Ryan Montbleau and The Ballroom Thieves pair together like wine and good cheese, exhibiting the range of their folk vocabulary.
As a double bill, Ryan Montbleau and The Ballroom Thieves could hardly have complemented each other better. Performing a private show in the Spotify Boston offices, Montbleau was the perfect fixture for the coffee shop-sized space with just his guitar and signature newsies cap. In contrast, the three-piece, The Ballroom Thieves, with their boundless energy and impassioned singing at high volumes, seemed nearly too much to be contained.
Montbleau represents an old guard. His style is perennial; he sounds as emblematic of the folk music scene ten or twenty years ago. The more contemporary Thieves, by contrast, couch their their inventive, yet backwards facing moment in folk music comprised primarily of three-piece outfits. But the sentiment of their music dovetails, and the obvious admiration each act holds for the other created an atmosphere of friends among friends in an already intimate show —populated by their top Spotify listeners in Boston.

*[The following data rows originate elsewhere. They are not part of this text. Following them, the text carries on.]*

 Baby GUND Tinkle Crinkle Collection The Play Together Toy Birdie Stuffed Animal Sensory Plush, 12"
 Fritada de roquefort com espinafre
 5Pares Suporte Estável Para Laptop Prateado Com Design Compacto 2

Spotify gathered a handful of both artists’ top Spotify listeners to join The Ballroom Thieves and Ryan Montbleau for free beer and a show to promote the Festival at the Farm at Prowse Farm in Canton.

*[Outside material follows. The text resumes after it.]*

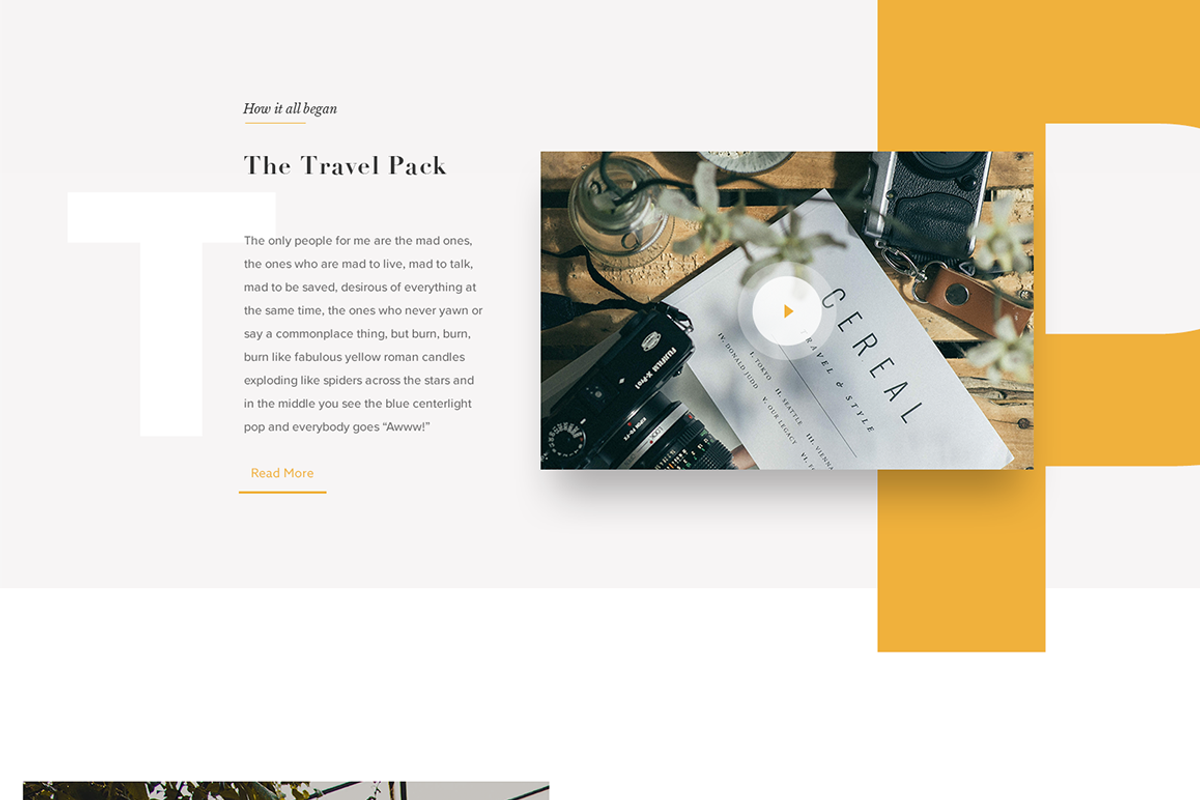 Travel Site, a Landing Page Template by tom-rich (Photo 4 of 5)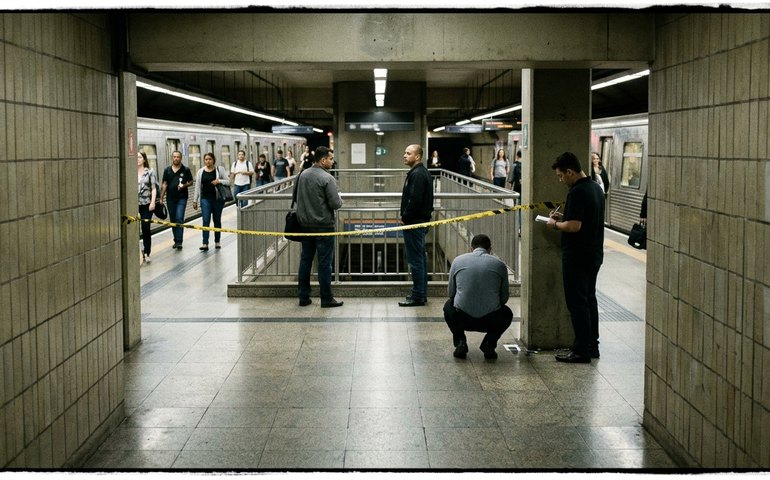 Polícia investiga tiros que feriram bebê e mais quatro na estação São Bento do Metrô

In a natural progression, Ryan Montbleau played first, opening the show with the title track off of his latest album of the same name, “I Was Just Leaving.” Montbleau bantered easily with the crowd between songs, and his performance style was similarly casual and straightforward, yet dynamic in a conversational way. These qualities were at their best particularly in “Bright Side’ and “Time and Again.” The poetic and melancholy tune “Ghosts” made one audience member’s night, who screamed “Yes!” when Montbleau announced that it would be his next tune.
The highlight of his set was “Ships in the Night,” penned only the week before, a lament of the current political situation and the misunderstandings that arise when people lack empathy. The political environment of the last few years has spurred the creation of a lot of political anthems, but “Ships in the Night” undoubtedly belongs among the most powerful and nuanced of these.

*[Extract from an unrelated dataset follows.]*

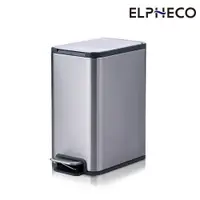 在飛比找松果購物優惠-美國ELPHECO 不鏽鋼腳踏緩降靜音垃圾桶 ELPH750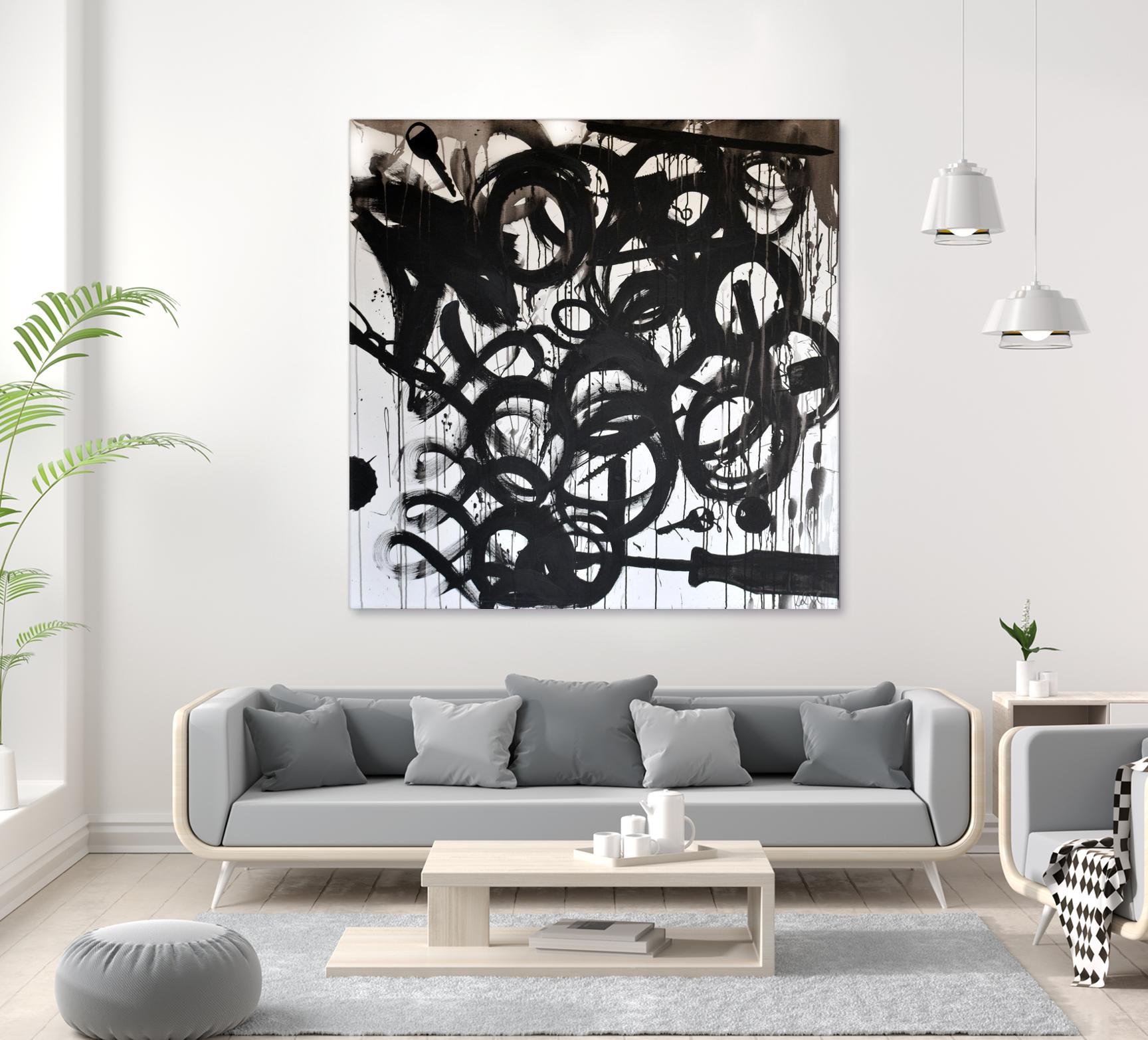 Junk Drawer by KenT Youngstrom  on GIANT ART - black and white  abstract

The Ballroom Thieves attacked their set with their typical bombastic energy. For the bulk for their set, there was an undercurrent of complacency beneath their energy. Their most recent album, Dead Eye, was released a year ago and the band has been on the road ever since. They played all of the classics—”Archers,” “Wild Woman”—and many of the crowd-pleasers on the new album, such as “Blood Run Red” and “Anybody Else.” They debuted several songs that had no sense of rote.
The first was, like Montbleau’s “Ships in the Night”, a song of political reaction, this time written shortly after the 2016 election. Martin Earley and Devin Mauch punctuated Calin Peters’s raspy belt with the repeated line “You’re a liar.” The second new song was titled “Only Lonely,” and will be released sometime in fall.
Ryan Montbleau returned to the stage to accompany the Thieves. In a duet with Montbleau and his guitar, Thieves’ cellist and vocalist Callie Peters showed her vocal talents in a way that she had yet to do with the Thieves, covering Patsy Cline’s “Crazy.” Peters’s smoky, warbling vibrato shone in a performance that was simple and just plain lovely.
The show was truly a treat, a confection of songs and beer in a low-lit office cafeteria.